Posted on May 5, 2017
Television and the 90s Chick
When many of us think of 1990s television we are filled with nostalgia for the past, millennials longing for a childhood that no longer exists. Television shows such as The Powerpuff Girls, Sister, Sister, and Buffy the Vampire Slayer bring back memories of wanting to be witches, have superpowers, or find a long lost twin. But what else did these TV shows teach us as we grew older? In this essay I will be analyzing the popular 90s television shows mentioned above while also including other hits of the 90s such as Sex and the City, Charmed, and Beverly Hills, 90210. During my analysis I will be looking at trends such as girl power, feminism, and how these shows taught lessons through their storylines. By looking at all of this I plan to see how 90s television shaped the generation that watched them while having a specific focus on girls who watched these shows. Some questions I plan to answer are: Did 90s television aim to impact a certain demographic? What was their intended impact? Was this impact successful? What part did feminism play in 1990s television? What kind of issues were commonly discussed in 90s television and why? Can we trace the impact that 1990s television left to current society?
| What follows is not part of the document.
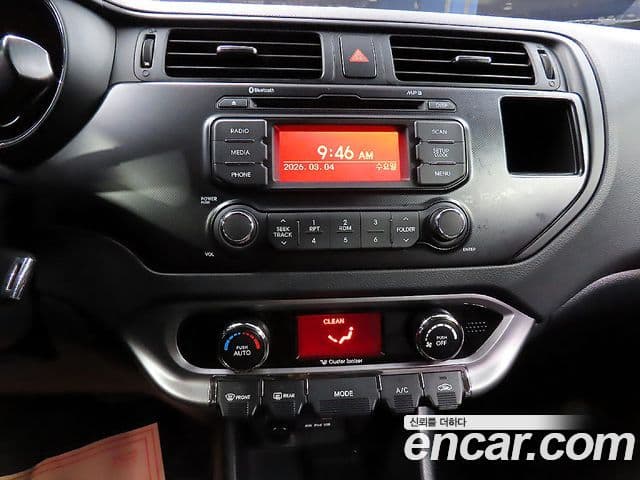 Kia All New Pride Luxury, 2014 11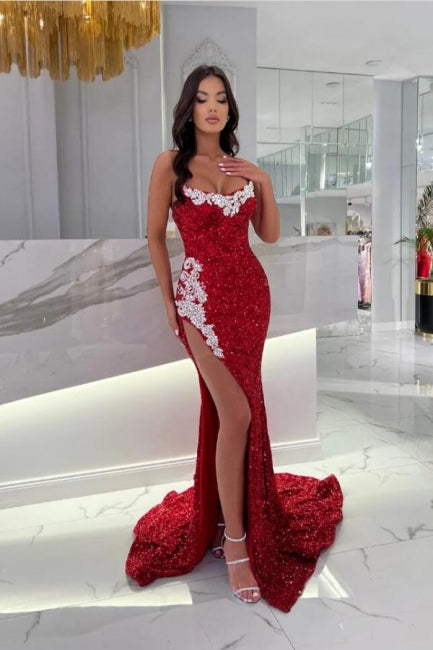 Burgunderrotes, bodenlanges Meerjungfrauen-Ballkleid mit Schlitz vorne und Applikationen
When originally given the constraints of 1990s teenage girl I wondered: “what topic can I do that will be interesting but also have a considerable amount of resources available?” While I am no longer a big fan of classic, cable television due to the creation of streaming services such as Netflix and YouTube that give a more personalized experience I was a big fan of a cable television during my youth. Many of the shows discussed in my research were shows I watched growing up in the late 1990s/early 2000s. Prior to this paper I ran a blog in which I analyzed 13 different 90s television shows by watching episodes/clips available on YouTube or Hulu with one show a week. During this time I discovered many concepts and sources that I had not known about prior to this project so I started formulate ideas during this process of my research. Currently I have 13 blog entries with each one being about a different television show that is approximately 500 words long so I will be building off of that original research in this paper.
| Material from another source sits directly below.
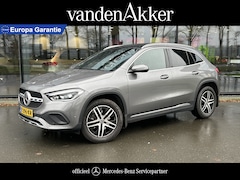 Mercedes-Benz GLA-Klasse - 200 Luxury // Panoramadak // Distronic // Memory Stoelen // MultiBeam // Camera // Sfeerve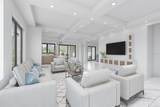 2483 Bay Street - Photo 7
As I started to look for different literature about popular 90s television I found many that encompassed the general ideas of the new normal, feminism, and life lessons/morals to be learned. The first show I analyzed that I found an appropriate application to everyday life and realism was Sister, Sister. In TGIF: Thank Goodness It’s Family: Family Messages in ABC’s 1990s Friday Night Lineup by Kourtney Hanna Smith she first introduced me to the idea of Third Wave Feminism Movement and its influence on 90s television and culture by using Sister, Sister as one of her main examples. In this article Third Wave Feminism is described as, “Third wave feminists were urged to take on feminism in a new way in with themes of inclusion, multiplicity [of diversity in the forms of race, class and sexual orientation], contradiction, and everyday feminism,” (Smith, 2015). The author also puts into perspective the necessity for studying television,” Collectively, television family relations are purposive, that is, they achieve outcomes expected of families such as limitation and resolution of conflict, successful socialization of children, and effective management of day-to-day life. However, such portrayals of family life can be misleading, causing unrealistic positive or negative views of how family life functions or how the world works. Inaccurate depictions in fictional television programs can shape cultural views of the world. Because of these inaccurate fictional portrayals, research is necessary to study television’s effects on human thoughts and behaviors,” (Smith, 2015). This inaccuracy of portrayal and the need for accurate portrayal places the need for realism and different points of view to be important parts of television. This is applied to Sister, Sister through the use of realistic problems teenagers might have and the author describes, “Many of the themes and lessons in Sister, Sister’s early episodes deal with adolescence trials and tribulations. Physical appearance and dating woes dominate the girls concerns, from needing dates for the school dance, to being afraid of having a pimple.,” (Smith, 2015)). Real life issues such as these make the show relatable to everyday girls who are watching at home and can then see the process of events after Tia or Tamera respond to the event. This can be used as a learning strategy for young viewers by analyzing what they are watching subconsciously.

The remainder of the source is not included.